The meaning of the word “recognition” is to know again. To recognize someone implies that you must have known them in the first place. In the readings today, there are two stories of recognition. In the first reading from Acts we hear of a man who was recognized by his neighbors after receiving a healing miracle, and in the Gospel of Luke we see Jesus, risen from the tomb, not being recognized at all, at least not right away.
The man who was crippled from birth seems to have been well loved by his community. He had lived there his whole life, he had friends that would make sure he got to the temple where people, who were kind to him, would give him a few coins to help toward the cost of his daily living. If you are loved you can be happy no matter what, but it can’t have been an easy life. When Peter and John came and cured the man, giving him the use of his legs for the first time, they changed his life drastically. He was now tall, and mobile and we are told that he was filled with joy and jumping up and down. He would have seemed like a completely different person, so much about him had changed. But the people still knew and recognized him and couldn’t believe how this had happened.
On the road to Emmaus the story was different. The two who were walking and talking had not been a part of the inner circle of Jesus disciples but they would have seen Jesus plenty of times and watched and listened as he had taught and healed the sick. You would think that if Jesus, who they had just seen crucified, appeared before them they would be shocked. But in fact, they did not recognize him at all.

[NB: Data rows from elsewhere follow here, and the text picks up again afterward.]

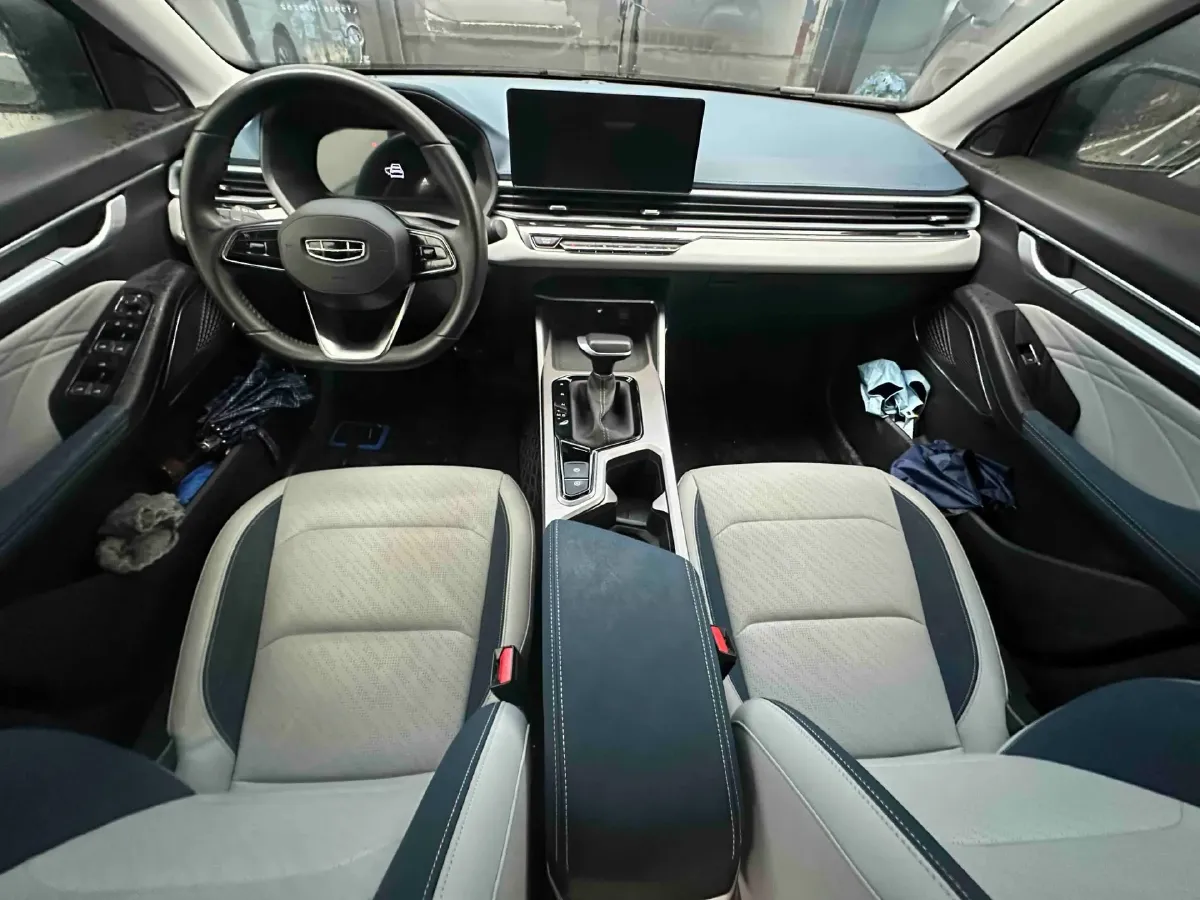 2022 Geely Emgrand 1.5L 114HP L4 CVT,autocango,china used car exporter,china ev exporter,chinese used car exporter,chinese used ev exporter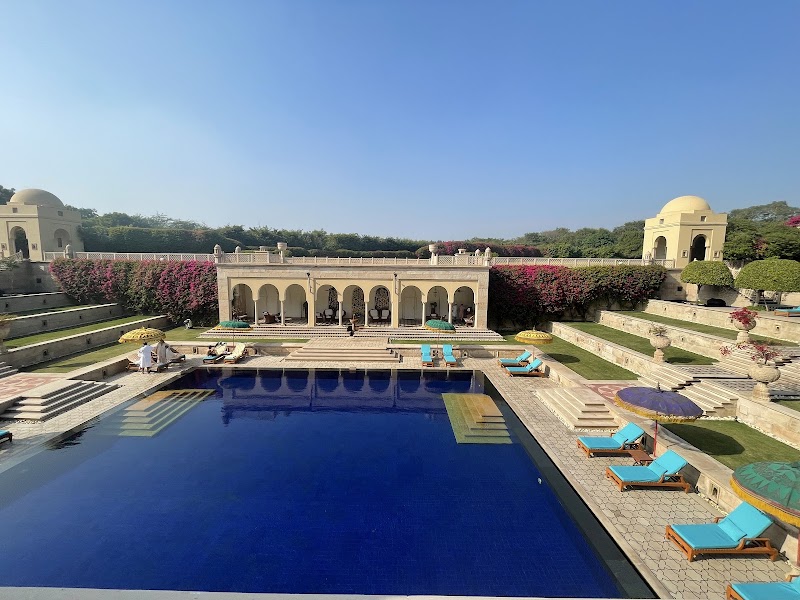 The Oberoi Amarvilas - Agra - India - booked ai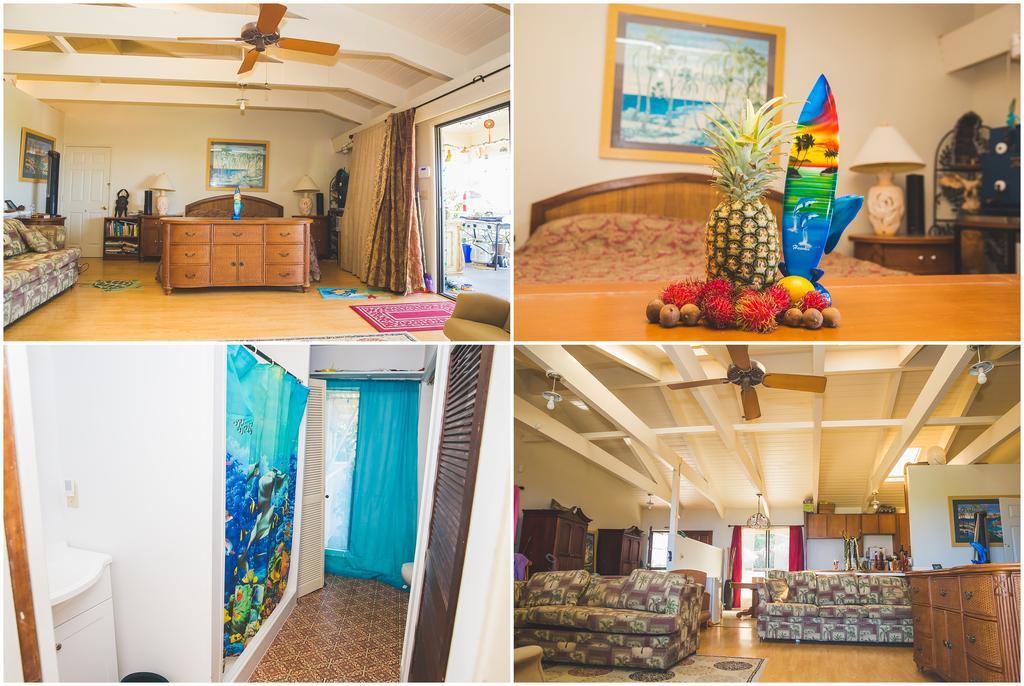 Kona Hawaii Guest House A Unique Hawaii Experience Keauhou Buitenkant foto
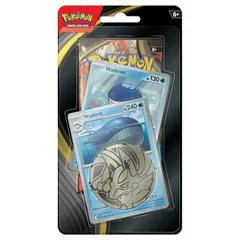 Checklane Blister: Wailord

What does it mean to recognize the risen Jesus? Obviously, by this account, it is not the same as recognizing a face. Now when I go into the communities I have started to use my phone to take pictures of people to help me remember. But recognizing the risen Jesus is deeper than that. It is not enough to look at and study a picture of a kindly good shepherd hanging on the wall.
It was not until they stopped together for a meal and Jesus broke bread with them, “he blessed the bread, broke it and handed it to them. It was then their eyes were opened and they recognized him.” It was at that moment that the disciples knew Jesus, they saw in Jesus not a face, or a man, or a name, but they looked with their hearts and saw the Lord, God’s son. They came then to realize that they had always known Jesus, they just had not understood. But now their hearts burned with the knowledge of God’s great gift and they could not wait to share it with everyone.